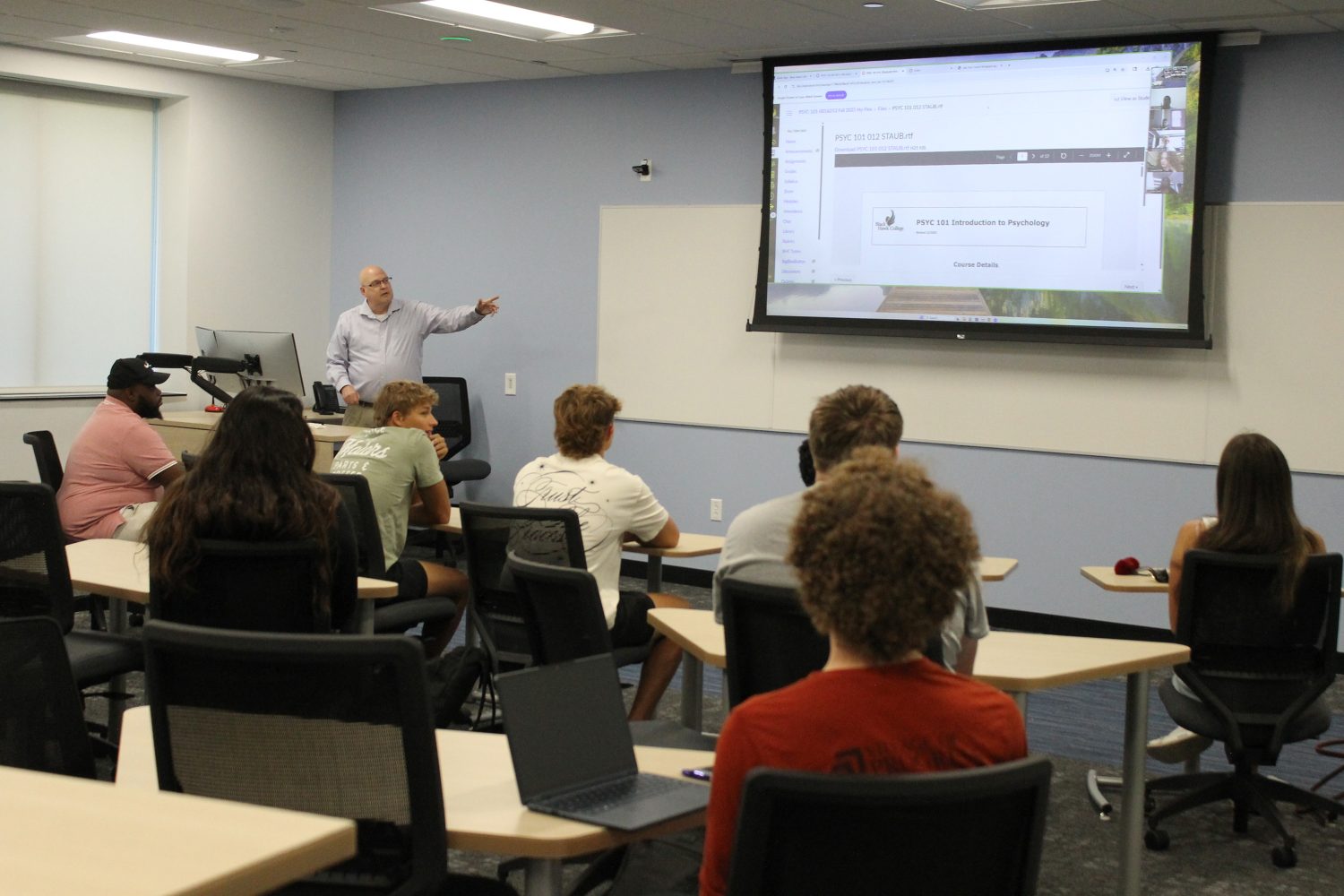 Instructor teaching in a classroom setting.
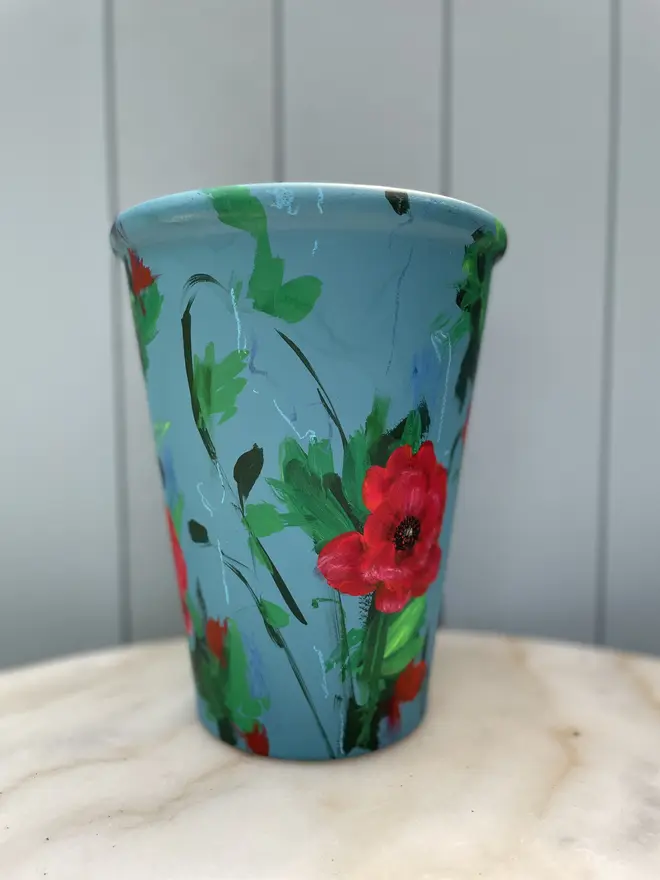 Unique hand-painted terracotta pot featuring red poppies on a royal blue background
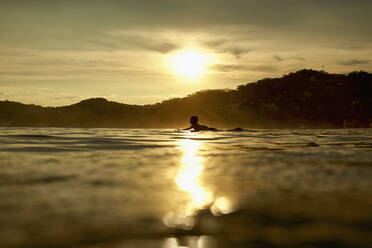 Silhouette eines jungen Mannes auf einem Surfbrett auf dem ruhigen Meer bei Sonnenuntergang, Sayulita, Nayarit, Mexiko - FSIF04273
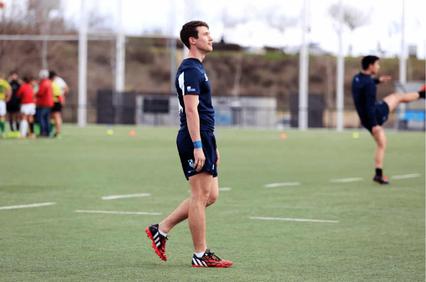 A young male athlete in a blue uniform standing on a soccer field, looking to the side, with other players training in the background.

- _EXERCISE DETAILS_:
With the pictures excluded, retype exactly the lines from the one containing "Silhouette eines jungen" through the last line of the listing, both ends included.

- _RESULT OF THE EXERCISE_:
 Silhouette eines jungen Mannes auf einem Surfbrett auf dem ruhigen Meer bei Sonnenuntergang, Sayulita, Nayarit, Mexiko - FSIF04273
 A young male athlete in a blue uniform standing on a soccer field, looking to the side, with other players training in the background.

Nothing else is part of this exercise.